ECLI:NL:RBDHA:2024:11486
Rechtbank Den Haag
- Voorlopige voorziening
- Rechtspraak.nl
Voorlopige voorziening in vreemdelingenrechtelijke zaak betreffende niet-ontvankelijkheid van verzoeker
In deze uitspraak beslist de voorzieningenrechter van de Rechtbank Den Haag op het verzoek om een voorlopige voorziening van verzoeker, die een V-nummer heeft. Verzoeker heeft bezwaar gemaakt tegen het besluit van de minister van Asiel en Migratie, die de aanvraag om toepassing van artikel 64 van de Vreemdelingenwet buiten behandeling heeft gesteld. De voorzieningenrechter oordeelt dat het verzoek kennelijk niet-ontvankelijk is en doet uitspraak zonder zitting, zoals mogelijk gemaakt door artikel 8:83, derde lid, van de Algemene wet bestuursrecht.
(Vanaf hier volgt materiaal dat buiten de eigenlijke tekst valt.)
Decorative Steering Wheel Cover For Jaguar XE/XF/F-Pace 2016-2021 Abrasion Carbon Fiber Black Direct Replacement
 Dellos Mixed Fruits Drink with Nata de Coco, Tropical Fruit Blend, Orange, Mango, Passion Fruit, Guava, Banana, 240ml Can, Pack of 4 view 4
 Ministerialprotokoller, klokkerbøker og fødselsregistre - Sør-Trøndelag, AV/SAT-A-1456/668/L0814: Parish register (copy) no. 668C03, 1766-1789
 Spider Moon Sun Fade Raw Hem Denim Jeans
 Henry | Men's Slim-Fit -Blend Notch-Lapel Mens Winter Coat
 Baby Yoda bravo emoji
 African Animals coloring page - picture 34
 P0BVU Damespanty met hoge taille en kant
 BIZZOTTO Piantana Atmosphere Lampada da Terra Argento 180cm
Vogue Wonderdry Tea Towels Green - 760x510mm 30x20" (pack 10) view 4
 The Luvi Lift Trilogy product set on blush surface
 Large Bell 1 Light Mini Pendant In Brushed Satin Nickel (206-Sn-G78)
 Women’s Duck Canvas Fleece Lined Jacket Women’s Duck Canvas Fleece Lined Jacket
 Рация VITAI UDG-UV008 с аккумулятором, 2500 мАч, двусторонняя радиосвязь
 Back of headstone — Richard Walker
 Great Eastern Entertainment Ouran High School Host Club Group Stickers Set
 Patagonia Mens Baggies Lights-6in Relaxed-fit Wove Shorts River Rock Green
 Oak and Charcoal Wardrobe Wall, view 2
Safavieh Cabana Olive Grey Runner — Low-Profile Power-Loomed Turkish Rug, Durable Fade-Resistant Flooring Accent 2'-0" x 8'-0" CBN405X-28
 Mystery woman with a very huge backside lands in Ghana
De voorzieningenrechter legt uit dat het verzoek om voorlopige voorziening betrekking heeft op het primaire besluit en het besluit op het bezwaar tegen dat besluit. Aangezien er tegen het besluit op het bezwaar geen beroepsprocedure loopt, kan verzoeker geen verzoek om voorlopige voorziening indienen. De voorzieningenrechter concludeert dat het verzoek niet inhoudelijk beoordeeld kan worden en dat er geen aanleiding is voor een proceskostenveroordeling.
De uitspraak is gedaan door mr. C.H. de Groot, in aanwezigheid van griffier B.A. van der Wiel, en is openbaar gemaakt. Tegen deze uitspraak staat geen hoger beroep of verzet open. De uitspraak is bekendgemaakt op 23 juli 2024.